I had to leave behind all the people, sights, and events to move halfway across the world and figure out how to be someone new. I started with college. I knew that my options were limited and that studying “anything I wanted” was not going to happen.  I enrolled in what I was skilled at and tried to keep my head down for the duration of my years here, without much success.

Much like certain experiences in my parents’ lives and the experiences in Thomas’ life in Project X, I knew that not everything could be perfect. I knew that I was going to have language barriers and, therefore, friendship barriers, employment barriers, and, in general, success barriers. I knew that I was going to lose certain friends with time and I knew that it would be painful to try to hold on to certain friendships over the distance; I knew that I was going to make new friends and lose some along the way as well.

Although I’ve moved dozens of times in my life, none have been more influential than my move to Austria. After four years, I’ve realized how my opinion of certain things in San Francisco have changed, both valuing things more and also realizing how its nicer to live without certain things.

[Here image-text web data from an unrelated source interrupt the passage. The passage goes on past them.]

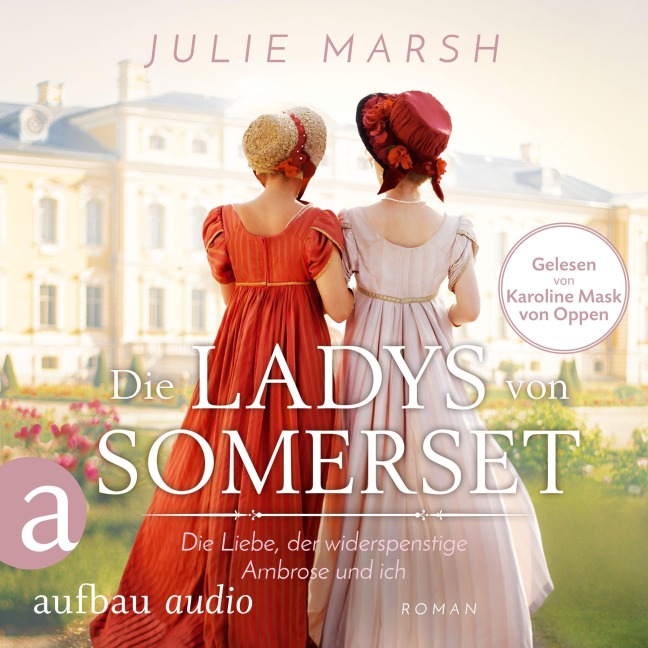 Die Ladys von Somerset - Die Liebe, der widerspenstige Ambrose und ich - Julie Marsh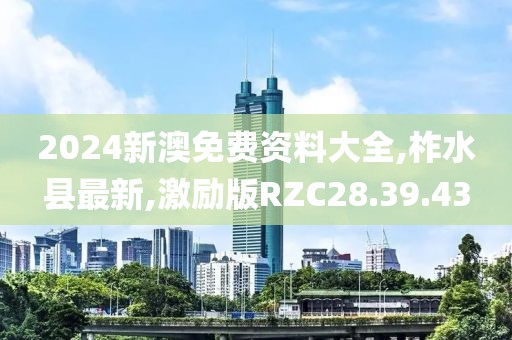 2024新澳免费资料大全,柞水县最新,激励版RZC28.39.43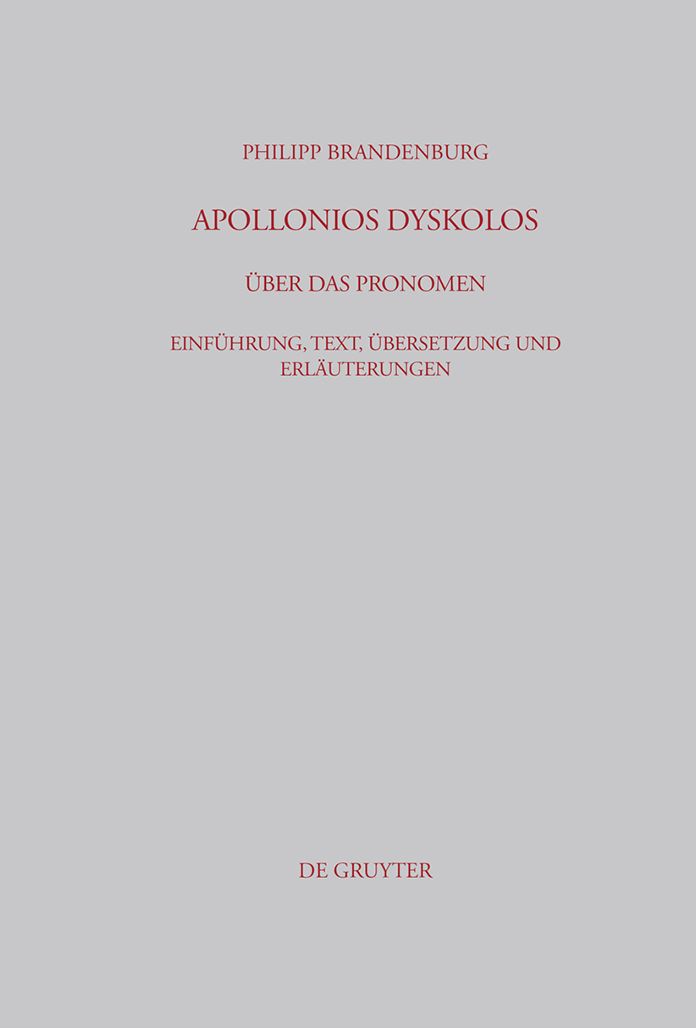Apollonios Dyskolos. Uber das Pronomen: Einfuhrung, Text, Ubersetzung und Erlauterungen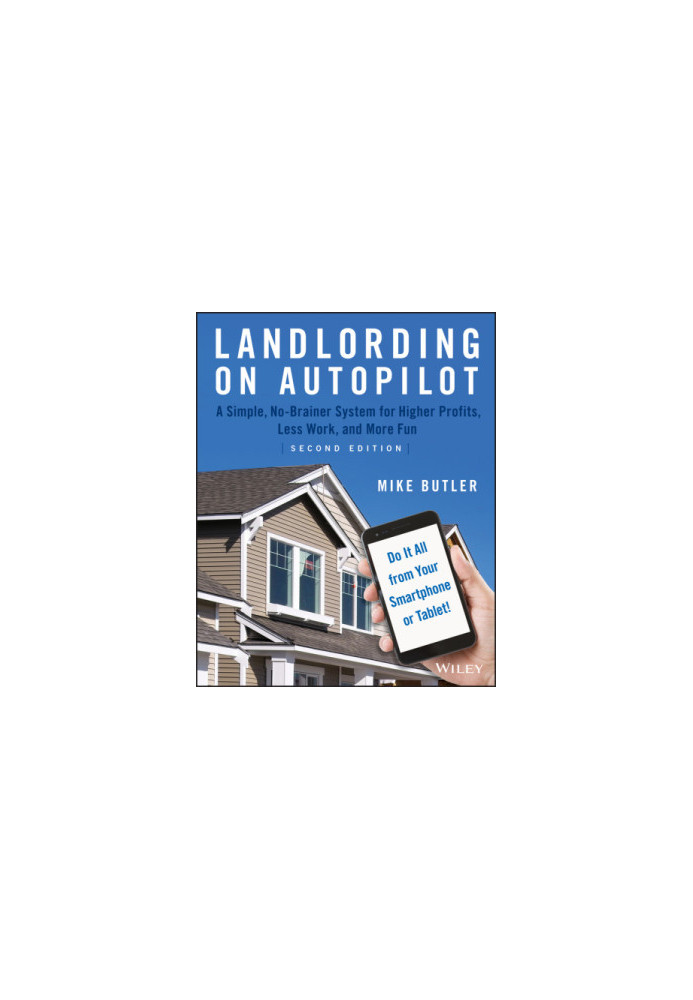 Landlording on autopilot: a simple, no-brainer system for higher profits, less work and more fun (do it all from your smartph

My life-changing experience may be missing the “whoa” factor. After four years, I’m finally stopping to look back and realize that my experiences in Austria may not be like those out of some Hollywood movie; iit may not be as raw or painful as my parents’ experience, and it definitely is nothing like Project X, but it’s significant enough.

I could have talked about my adventures around Europe with my roommate or about that time that I nearly drowned, but I feel that life-threatening experiences aren’t as significant as life-changing experiences, at least in reference to the growth made in retrospect.

Maybe the drowning story would have been cooler.  

This life-changing experience, however, is not some fairytale of overcoming monsters and witches, or of overcoming some personal fear; it’s just a story, about a girl, realizing that picking up and starting over, isn’t all that hard to do.